Notifications You must be signed in to change notification settings

tanveerkarim/NDM-paper-scripts

Folders and files

NameName
Last commit message
Last commit date

Latest commit

 
 
 
 
 
 
 
 
 
 
 
 
 
 
 
 
 
 
 
 
 
 
 
 
 
 
 
 
 
 
 
 
 
 
 
 
 
 
 
 
 
 
 
 
 
 
 
 
 
 
 
 
 
 
 
 
 
 
 
 
 
 
 
 
 
 
 
 
 
 
 
 
 
 
 
 
 
 
 
 
 
 
 
 
 
 
 
 
 
 
 
 
 
 
 

Repository files navigation

Author: Jae Hyeon Lee
Last updated: February 12, 2018
E-mail: jaekor91@gmail.com

This README documents scripts used to produce results reported in the NDM selection method paper (2018). It also details scripts and their products not reported in the paper but documented here for reproducibility and complete update on the status of the method.

Warning: I emphasize that the primary purpose of this documentation is for reproducibility rather than the ease of their adaptation to other projects. Hence I have not made a substantial effort to maintain the codes at a professional level beyond general readability and cleanliness.

README convention (for the author):
- "/----" to denote the beginning of a new grouping or section. 
- Five "\n" between sections.
- Use only "-" for lists.
- "!" means the particular analysis is not performed to completion.

Contents: 
- Organization
- Software requirements
- utils and NDM_models modules
- Data download and acquisition
- Data pre-processing
- Data quality checks
- MMT observational study scripts/data archive
- Application
- List of challenges




/---- Organization
Here I provide a high level overview of the documentation as a reminder for myself. On the author's local repository, the current directory "/scripts/" is embeded under "/NDM-paper/" directory as below along with other sister directories.
/NDM-paper
	/article
	/data
		/derived
		/DEEP2		
		/DR5		
		/MMT_data	
		/spitzer		
		tycho2.fits	
	/scripts
	/figures

- "article" contains the manuscript .tex file and all other relevant packages, figures, bibliography, etc. 
- "data" contains all primary data files used for the project. Any derived data products such as cross-matched catalogs are stored in "/data/derived/" directory. 
- "figures" contains all graphic products. Unless mentioned otherwise, all figures saved on the flat directory level.
- "scripts" contains all Python scripts used to produce any results.






/---- Software requirements
Unless mentioned otherwise, the work contained here is based on Python 2.7.12. Below is a non-exhaustive list of key packages used: 
- numpy v1.9.1
- astropy v1.1.1
- scipy v0.19.0
- extreme-deconvolution-1.4 (https://github.com/jobovy/extreme-deconvolution)

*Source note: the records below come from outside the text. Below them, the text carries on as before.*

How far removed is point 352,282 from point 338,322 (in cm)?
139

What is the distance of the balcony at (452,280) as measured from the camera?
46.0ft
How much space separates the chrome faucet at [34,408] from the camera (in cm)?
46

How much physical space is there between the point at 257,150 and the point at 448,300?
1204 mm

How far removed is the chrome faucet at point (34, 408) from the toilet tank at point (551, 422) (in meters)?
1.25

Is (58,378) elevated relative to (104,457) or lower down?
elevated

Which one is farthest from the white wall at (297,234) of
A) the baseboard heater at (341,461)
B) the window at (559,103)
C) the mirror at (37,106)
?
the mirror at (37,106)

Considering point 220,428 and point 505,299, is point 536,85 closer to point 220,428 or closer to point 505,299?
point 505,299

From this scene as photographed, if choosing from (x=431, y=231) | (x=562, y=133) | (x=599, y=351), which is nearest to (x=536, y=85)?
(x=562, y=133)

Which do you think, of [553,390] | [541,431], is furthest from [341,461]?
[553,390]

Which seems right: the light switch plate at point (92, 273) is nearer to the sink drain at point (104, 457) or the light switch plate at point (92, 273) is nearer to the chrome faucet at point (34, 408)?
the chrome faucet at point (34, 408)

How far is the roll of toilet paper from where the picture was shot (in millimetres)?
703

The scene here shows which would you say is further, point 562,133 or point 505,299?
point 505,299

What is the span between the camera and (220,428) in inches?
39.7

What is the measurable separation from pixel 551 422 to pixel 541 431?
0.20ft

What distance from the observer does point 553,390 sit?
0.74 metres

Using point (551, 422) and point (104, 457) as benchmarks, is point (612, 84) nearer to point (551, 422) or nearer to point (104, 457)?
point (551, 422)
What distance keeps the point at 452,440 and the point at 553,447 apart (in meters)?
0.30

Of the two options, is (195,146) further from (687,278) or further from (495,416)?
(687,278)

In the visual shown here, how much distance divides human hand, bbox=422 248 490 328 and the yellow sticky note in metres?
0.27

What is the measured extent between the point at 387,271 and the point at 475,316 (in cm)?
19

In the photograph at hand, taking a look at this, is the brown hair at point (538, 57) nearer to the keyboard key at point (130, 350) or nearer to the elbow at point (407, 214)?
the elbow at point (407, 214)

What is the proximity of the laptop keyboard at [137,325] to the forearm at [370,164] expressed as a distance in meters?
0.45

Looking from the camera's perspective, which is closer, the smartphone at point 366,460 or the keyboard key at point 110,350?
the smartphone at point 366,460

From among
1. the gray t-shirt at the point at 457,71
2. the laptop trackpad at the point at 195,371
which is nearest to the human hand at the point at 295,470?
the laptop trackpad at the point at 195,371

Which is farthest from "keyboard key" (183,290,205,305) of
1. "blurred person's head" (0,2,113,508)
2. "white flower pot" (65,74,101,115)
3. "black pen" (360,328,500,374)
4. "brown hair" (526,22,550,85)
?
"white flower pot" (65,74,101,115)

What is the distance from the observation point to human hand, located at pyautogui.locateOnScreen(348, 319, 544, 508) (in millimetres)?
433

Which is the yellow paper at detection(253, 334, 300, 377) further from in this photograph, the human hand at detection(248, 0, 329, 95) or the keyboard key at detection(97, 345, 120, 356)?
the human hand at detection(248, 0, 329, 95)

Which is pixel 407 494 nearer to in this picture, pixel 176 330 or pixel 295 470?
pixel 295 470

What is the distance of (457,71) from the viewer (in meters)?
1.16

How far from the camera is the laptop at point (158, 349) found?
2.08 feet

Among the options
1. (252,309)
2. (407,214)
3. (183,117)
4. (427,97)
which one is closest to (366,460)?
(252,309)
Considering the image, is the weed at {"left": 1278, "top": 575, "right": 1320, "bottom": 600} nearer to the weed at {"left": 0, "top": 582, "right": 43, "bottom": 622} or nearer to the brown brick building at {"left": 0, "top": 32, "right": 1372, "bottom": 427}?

The rest is based on Python 3.5.2. In particular, Random Forest (RF) module from scikit-learn v0.19.1 was applied to DEEP2-DECaLS DR5 data. 

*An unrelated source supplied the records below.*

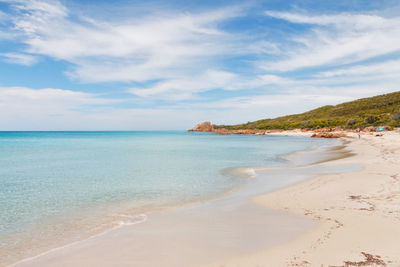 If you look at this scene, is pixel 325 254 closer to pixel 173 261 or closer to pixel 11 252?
pixel 173 261

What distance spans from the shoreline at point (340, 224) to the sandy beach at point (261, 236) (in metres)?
0.02

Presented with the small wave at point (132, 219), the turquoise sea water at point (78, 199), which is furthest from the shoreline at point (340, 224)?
the turquoise sea water at point (78, 199)

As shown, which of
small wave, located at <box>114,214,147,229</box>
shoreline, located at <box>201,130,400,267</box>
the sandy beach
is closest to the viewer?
shoreline, located at <box>201,130,400,267</box>

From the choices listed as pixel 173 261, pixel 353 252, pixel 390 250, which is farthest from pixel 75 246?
pixel 390 250

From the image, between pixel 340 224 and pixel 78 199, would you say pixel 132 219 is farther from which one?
pixel 340 224

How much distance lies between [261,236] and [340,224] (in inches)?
96.9

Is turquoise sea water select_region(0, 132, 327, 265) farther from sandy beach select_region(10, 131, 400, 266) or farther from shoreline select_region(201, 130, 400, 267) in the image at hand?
shoreline select_region(201, 130, 400, 267)

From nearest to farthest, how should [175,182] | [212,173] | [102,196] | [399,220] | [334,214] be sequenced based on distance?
1. [399,220]
2. [334,214]
3. [102,196]
4. [175,182]
5. [212,173]

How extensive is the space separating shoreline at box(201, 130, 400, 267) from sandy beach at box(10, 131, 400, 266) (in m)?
0.02

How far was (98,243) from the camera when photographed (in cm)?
666

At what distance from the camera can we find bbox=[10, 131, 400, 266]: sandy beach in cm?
550

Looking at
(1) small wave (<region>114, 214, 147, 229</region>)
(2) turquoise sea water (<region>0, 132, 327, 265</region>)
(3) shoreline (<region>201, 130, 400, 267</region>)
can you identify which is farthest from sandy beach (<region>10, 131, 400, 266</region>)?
(2) turquoise sea water (<region>0, 132, 327, 265</region>)

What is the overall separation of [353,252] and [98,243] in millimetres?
6245

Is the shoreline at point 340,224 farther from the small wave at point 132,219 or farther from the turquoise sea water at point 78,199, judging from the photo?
the turquoise sea water at point 78,199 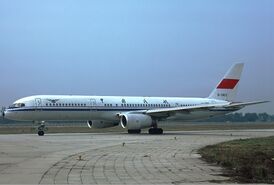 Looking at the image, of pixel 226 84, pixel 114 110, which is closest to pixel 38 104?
pixel 114 110

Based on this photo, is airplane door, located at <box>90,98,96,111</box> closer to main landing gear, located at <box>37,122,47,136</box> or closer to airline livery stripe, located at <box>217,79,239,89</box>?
main landing gear, located at <box>37,122,47,136</box>

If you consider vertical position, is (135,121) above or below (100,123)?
below

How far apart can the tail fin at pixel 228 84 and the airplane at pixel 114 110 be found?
2.69 meters

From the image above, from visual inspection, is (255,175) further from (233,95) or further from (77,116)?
(233,95)

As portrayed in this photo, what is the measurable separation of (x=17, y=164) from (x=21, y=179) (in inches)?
134

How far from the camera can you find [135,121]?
136ft

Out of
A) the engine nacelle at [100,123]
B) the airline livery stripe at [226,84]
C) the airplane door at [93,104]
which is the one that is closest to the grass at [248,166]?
the airplane door at [93,104]

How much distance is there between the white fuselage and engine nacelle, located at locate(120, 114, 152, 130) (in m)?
1.69

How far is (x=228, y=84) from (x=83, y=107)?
1837 centimetres

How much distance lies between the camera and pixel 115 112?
43344mm

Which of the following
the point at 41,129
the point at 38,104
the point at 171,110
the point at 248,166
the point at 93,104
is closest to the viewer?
the point at 248,166

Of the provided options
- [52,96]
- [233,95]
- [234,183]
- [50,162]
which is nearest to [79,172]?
[50,162]

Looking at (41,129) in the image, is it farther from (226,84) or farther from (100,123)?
(226,84)

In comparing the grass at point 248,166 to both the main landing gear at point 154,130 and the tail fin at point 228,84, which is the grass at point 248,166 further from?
the tail fin at point 228,84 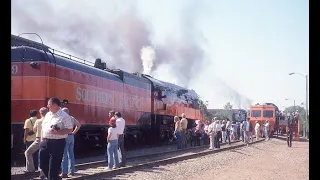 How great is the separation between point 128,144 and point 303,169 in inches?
375

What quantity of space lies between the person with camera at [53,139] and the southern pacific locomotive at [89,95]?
5.40 meters

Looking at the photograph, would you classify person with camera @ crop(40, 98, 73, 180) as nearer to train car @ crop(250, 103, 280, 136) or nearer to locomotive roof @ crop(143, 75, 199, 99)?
locomotive roof @ crop(143, 75, 199, 99)

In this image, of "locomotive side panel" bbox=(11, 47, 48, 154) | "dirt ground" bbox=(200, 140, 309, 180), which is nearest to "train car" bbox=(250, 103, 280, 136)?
"dirt ground" bbox=(200, 140, 309, 180)

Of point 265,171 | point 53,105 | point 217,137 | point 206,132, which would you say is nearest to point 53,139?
point 53,105

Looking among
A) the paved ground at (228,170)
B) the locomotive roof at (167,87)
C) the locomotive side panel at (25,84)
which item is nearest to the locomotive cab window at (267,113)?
the locomotive roof at (167,87)

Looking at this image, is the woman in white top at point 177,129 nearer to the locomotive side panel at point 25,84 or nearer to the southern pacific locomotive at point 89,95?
the southern pacific locomotive at point 89,95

These are not stringent requirements, and there is no reason to believe that other compatible versions of Python would produce different results.

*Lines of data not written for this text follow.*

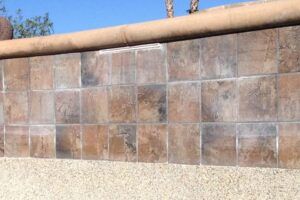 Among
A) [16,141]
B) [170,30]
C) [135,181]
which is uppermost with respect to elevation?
[170,30]

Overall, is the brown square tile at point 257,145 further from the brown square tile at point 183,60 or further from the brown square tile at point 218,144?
the brown square tile at point 183,60

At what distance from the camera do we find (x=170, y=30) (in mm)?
3637

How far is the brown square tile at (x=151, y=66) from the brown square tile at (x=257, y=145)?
0.69m

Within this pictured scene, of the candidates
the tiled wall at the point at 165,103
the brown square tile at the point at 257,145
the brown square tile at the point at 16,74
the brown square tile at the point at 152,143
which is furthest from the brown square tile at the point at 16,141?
the brown square tile at the point at 257,145

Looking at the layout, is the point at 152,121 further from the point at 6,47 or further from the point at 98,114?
the point at 6,47

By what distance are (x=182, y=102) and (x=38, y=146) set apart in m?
1.38

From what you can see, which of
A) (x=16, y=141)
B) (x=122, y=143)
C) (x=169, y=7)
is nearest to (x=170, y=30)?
(x=122, y=143)

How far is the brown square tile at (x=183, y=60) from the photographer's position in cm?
358

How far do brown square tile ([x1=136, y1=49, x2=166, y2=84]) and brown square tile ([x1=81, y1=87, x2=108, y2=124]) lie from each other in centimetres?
35

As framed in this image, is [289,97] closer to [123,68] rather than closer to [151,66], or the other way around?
[151,66]

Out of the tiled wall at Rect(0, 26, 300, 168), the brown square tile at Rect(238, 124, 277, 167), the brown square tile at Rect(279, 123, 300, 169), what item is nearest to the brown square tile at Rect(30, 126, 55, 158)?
the tiled wall at Rect(0, 26, 300, 168)

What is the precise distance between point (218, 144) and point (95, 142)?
3.36 feet

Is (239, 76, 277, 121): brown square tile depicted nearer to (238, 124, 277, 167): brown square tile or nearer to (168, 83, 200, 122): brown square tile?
(238, 124, 277, 167): brown square tile

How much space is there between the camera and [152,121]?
3787 mm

/---- utils and NDM_models
All author defined functions are collected in utils and NDM_models. The latter is a collection of classes and methods that are specific to the NDM method whereas the former provides general convenience functions. For convenience, I employ the bad practice of importing all external modules, functions, and classes at the same time via "from utils, NDM_models import *". 





/---- Data download and acquisition
In this section, I document how key data for the project were obtained. All of these data are available via (*provide URL*) or can be obtained from the author in a .zip file via e-mail. 

- DEEP2 photometric catalogs: Downloaded from the DEEP2 survey website using below commands.
wget http://deep.ps.uci.edu/DR4/data/pcat_ext.21.fits.gz
wget http://deep.ps.uci.edu/DR4/data/pcat_ext.22.fits.gz
wget http://deep.ps.uci.edu/DR4/data/pcat_ext.31.fits.gz
wget http://deep.ps.uci.edu/DR4/data/pcat_ext.32.fits.gz
wget http://deep.ps.uci.edu/DR4/data/pcat_ext.33.fits.gz
wget http://deep.ps.uci.edu/DR4/data/pcat_ext.41.fits.gz
wget http://deep.ps.uci.edu/DR4/data/pcat_ext.42.fits.gz
wget http://deep.ps.uci.edu/DR4/data/pcat_ext.43.fits.gz

- DEEP2 window functions: Downloaded from the DEEP2 survey website using below commands.
wget http://deep.ps.uci.edu/DR4/data/windowf.21.fits.gz
wget http://deep.ps.uci.edu/DR4/data/windowf.22.fits.gz
wget http://deep.ps.uci.edu/DR4/data/windowf.31.fits.gz
wget http://deep.ps.uci.edu/DR4/data/windowf.32.fits.gz
wget http://deep.ps.uci.edu/DR4/data/windowf.33.fits.gz
wget http://deep.ps.uci.edu/DR4/data/windowf.41.fits.gz
wget http://deep.ps.uci.edu/DR4/data/windowf.42.fits.gz

- DEEP2 redshift catalogs: These were obtained from John Moustakas and are described in a Tech Report (DESI docDB-912). The redshift catalogs from Fields 2, 3, and 4 are named deep2-f2-redz-oii.fits, deep2-f3-redz-oii.fits, and deep2-f4-redz-oii.fits in the data directory.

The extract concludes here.